Chop the chocolate into chip sized pieces. Set aside 2 ½ oz of the smaller pieces and shavings for the glaze, keeping 7 ½ oz for the cake.
Chop the dates into small pieces (they will become a sticky mass but will separate later) and set aside.
In a bowl, sift together the flour, baking powder, baking soda, and salt.
With an electric mixer, beat the butter and sugars in a large bowl for 3 minutes or until light and fluffy. Beat in eggs, one at a time, scraping down sides of the bowl after each addition.
In a separate bowl, mix together the sour cream and coffee until smooth. Then add dates and stir until the sticky mass has mostly broken up.
Beat in ⅓ of flour mixture until just combined. Then beat in ½ of the date mixture until just combined. Repeat. Add remaining flour mixture with chopped chocolate and beat until no flour streaks remain. Spoon batter into prepared pan and spread evenly with a spatula.
Bake for 60 minutes or until a toothpick inserted in cake comes out clean. Let cool in pan for 10 minutes, then invert onto a cooling rack.
While cake is baking, bring the syrup ingredients to a boil in a saucepan until sugar is dissolved. Remove from heat. Brush on the inverted cake while still hot.

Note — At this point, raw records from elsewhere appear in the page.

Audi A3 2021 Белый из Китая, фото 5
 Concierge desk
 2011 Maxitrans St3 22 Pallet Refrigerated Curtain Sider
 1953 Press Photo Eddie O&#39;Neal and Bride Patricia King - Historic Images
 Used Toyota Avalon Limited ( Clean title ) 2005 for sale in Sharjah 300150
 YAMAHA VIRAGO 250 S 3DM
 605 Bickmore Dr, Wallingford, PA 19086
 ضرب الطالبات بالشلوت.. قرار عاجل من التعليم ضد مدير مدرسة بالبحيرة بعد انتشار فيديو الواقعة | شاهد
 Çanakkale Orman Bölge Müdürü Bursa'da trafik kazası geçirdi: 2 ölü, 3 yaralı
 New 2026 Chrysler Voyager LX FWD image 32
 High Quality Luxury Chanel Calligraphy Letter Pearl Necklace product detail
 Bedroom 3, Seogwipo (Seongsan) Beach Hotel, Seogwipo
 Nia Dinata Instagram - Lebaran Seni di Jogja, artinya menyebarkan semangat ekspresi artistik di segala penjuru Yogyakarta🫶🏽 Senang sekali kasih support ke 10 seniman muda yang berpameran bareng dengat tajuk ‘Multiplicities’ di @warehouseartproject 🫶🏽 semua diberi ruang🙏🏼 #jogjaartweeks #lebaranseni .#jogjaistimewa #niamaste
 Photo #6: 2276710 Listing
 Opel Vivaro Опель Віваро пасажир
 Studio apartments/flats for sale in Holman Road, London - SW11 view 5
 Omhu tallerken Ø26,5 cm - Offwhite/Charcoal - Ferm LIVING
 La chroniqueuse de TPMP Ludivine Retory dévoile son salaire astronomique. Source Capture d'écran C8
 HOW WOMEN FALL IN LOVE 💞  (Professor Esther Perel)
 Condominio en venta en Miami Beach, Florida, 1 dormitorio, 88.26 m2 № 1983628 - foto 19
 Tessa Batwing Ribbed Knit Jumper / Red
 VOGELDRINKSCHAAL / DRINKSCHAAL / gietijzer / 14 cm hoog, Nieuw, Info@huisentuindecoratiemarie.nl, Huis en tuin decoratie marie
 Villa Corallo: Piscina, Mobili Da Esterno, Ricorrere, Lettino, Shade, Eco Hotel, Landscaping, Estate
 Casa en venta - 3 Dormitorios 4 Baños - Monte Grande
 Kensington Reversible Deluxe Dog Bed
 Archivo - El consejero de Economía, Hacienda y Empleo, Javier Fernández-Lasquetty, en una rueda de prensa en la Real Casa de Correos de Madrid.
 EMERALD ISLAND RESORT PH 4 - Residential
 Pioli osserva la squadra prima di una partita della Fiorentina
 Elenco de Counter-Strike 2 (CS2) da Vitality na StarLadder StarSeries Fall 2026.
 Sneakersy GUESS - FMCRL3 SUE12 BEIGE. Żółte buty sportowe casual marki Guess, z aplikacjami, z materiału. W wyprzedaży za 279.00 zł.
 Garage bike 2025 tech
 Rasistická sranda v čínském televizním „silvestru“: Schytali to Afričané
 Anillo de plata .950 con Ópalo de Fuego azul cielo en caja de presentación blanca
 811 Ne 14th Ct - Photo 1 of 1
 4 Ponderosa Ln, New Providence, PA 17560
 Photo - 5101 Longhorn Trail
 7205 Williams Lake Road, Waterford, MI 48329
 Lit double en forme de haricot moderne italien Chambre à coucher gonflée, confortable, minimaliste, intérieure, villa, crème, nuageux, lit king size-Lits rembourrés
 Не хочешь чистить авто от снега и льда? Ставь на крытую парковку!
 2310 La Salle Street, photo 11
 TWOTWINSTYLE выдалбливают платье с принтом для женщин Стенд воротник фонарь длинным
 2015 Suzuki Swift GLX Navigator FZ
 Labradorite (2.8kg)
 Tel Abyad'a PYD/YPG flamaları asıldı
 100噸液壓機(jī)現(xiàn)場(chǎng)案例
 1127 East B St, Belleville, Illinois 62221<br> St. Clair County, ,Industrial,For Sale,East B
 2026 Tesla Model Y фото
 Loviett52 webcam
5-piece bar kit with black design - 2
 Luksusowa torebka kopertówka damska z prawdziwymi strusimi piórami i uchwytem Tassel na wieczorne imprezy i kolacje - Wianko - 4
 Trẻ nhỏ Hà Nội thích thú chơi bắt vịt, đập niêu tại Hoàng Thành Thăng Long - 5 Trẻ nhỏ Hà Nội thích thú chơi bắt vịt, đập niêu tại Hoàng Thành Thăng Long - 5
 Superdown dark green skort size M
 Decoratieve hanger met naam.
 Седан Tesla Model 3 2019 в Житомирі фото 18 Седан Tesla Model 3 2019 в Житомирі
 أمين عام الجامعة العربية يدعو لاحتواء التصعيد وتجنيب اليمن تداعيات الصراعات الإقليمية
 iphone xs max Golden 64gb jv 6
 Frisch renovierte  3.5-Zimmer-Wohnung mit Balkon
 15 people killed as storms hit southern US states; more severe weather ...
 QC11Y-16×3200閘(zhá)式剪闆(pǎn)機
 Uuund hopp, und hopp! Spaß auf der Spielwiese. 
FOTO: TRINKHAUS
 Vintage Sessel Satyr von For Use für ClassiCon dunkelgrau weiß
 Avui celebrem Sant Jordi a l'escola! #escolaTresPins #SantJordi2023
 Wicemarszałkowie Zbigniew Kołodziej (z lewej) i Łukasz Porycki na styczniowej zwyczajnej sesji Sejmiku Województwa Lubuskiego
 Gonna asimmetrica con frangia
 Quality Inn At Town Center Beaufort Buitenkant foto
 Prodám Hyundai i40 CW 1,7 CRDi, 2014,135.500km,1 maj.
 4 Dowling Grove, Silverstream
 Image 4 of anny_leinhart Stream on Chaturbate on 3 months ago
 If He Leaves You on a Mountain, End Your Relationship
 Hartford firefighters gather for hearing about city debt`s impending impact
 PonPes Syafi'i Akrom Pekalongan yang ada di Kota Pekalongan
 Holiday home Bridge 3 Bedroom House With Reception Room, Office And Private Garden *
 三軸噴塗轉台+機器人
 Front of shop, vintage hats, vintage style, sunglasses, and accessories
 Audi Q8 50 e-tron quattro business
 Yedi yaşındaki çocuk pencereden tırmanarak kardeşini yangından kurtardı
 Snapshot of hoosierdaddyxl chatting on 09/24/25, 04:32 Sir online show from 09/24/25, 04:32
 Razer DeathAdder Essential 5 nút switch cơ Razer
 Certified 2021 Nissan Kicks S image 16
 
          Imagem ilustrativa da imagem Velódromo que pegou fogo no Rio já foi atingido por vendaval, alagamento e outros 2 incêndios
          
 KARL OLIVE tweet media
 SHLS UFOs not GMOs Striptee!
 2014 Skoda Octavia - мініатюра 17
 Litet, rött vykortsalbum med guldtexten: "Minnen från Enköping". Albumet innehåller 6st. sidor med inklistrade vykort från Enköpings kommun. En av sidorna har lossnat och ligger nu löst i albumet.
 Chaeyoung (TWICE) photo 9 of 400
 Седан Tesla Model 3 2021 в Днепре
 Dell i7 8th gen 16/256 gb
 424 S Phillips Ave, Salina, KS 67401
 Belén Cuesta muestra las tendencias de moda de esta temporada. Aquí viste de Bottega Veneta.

For the glaze: melt the butter in a saucepan, then add brown sugar and cream and stir until smooth. Bring to a boil and cook for 2 minutes, stirring occasionally. Remove from heat and let cool for 5 minutes. Add the 2 1/2oz chocolate set aside from cake ingredients, and stir until smooth and shiny. Glaze the cake while still warm. Top with nibs if desired.